The report came as the government imposed carbon taxes on four of Canada's 10 provinces for failing to introduce their own plans for tackling climate change.
What are the effects?
The effects of global warming on Canada's environment include more extreme weather.
Hotter temperatures could mean more heat waves and a higher risk of wildfires and droughts in some parts of the country.
Oceans are expected to become more acidic and less oxygenated, which could harm marine life.
Parts of Canada's Arctic Ocean are projected to have extensive ice-free periods during summer within a few decades.
A rise in sea levels could also increase the risk of coastal flooding and more intense rainfall could cause problems with flooding in urban centres.

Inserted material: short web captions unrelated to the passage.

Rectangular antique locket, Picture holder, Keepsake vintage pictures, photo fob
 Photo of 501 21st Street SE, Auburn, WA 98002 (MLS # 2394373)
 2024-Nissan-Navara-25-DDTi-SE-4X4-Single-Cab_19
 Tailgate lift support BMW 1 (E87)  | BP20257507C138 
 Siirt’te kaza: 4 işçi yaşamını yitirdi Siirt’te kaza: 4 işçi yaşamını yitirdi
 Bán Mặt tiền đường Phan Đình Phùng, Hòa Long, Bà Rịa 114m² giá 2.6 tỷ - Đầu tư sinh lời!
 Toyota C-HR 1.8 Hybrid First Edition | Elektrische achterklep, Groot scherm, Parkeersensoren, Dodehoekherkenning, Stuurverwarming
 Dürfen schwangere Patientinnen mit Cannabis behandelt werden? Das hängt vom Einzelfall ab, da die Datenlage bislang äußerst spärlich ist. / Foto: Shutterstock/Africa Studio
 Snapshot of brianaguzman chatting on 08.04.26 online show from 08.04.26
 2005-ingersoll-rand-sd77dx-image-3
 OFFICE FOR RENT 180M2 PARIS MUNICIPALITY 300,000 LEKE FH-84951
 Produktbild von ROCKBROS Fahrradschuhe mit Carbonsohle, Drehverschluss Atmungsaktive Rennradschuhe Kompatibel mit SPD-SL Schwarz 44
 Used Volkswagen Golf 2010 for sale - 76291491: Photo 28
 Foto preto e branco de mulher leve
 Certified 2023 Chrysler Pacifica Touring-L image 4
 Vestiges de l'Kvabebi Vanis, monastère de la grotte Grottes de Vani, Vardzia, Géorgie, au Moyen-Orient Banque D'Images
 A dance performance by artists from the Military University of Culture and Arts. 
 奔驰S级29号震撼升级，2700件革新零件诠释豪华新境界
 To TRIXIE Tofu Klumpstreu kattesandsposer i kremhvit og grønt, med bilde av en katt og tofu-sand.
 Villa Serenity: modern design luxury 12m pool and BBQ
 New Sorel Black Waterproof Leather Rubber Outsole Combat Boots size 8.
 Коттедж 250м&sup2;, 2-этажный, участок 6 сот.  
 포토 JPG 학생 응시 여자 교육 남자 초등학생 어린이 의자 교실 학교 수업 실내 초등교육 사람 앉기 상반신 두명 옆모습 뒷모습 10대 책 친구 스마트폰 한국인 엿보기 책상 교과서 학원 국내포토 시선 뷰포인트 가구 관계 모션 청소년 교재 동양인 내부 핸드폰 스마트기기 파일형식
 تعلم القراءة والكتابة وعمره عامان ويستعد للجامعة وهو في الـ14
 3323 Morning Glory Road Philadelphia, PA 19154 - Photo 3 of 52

What caused Canada's warming?
Canada's rapid warming is due to a number of factors, including a loss of snow and sea ice, which is increasing the absorption of solar radiation and causing larger surface warming than in other regions, according to the report.
Despite the bleak projections, the report notes that the amount of warming could be limited if global action is taken by drastically reducing "carbon emissions to near zero early in the second half of the century and [reducing] emissions of other greenhouse gases substantially".
Canada is one of nearly 200 countries that have signed on to the Paris Agreement - a single global agreement on tackling climate change that seeks to keep temperatures "well below" 2C above pre-industrial times and "endeavour to limit" them even more, to 1.5C.
The Canadian government says it will meet the Paris target of cutting emissions to 30% below 2005 levels by 2030 despite the fact that a number of official reports indicate the country is unlikely to meet its reduction targets without significant effort.
Is public opinion changing?
University of Toronto professor Matthew Hoffmann told the BBC that, like the recent Intergovernmental Panel on Climate Change report, this one underscores the warnings about the impact of climate change.
"This is yet another reaffirmation of the urgency of this problem," he said.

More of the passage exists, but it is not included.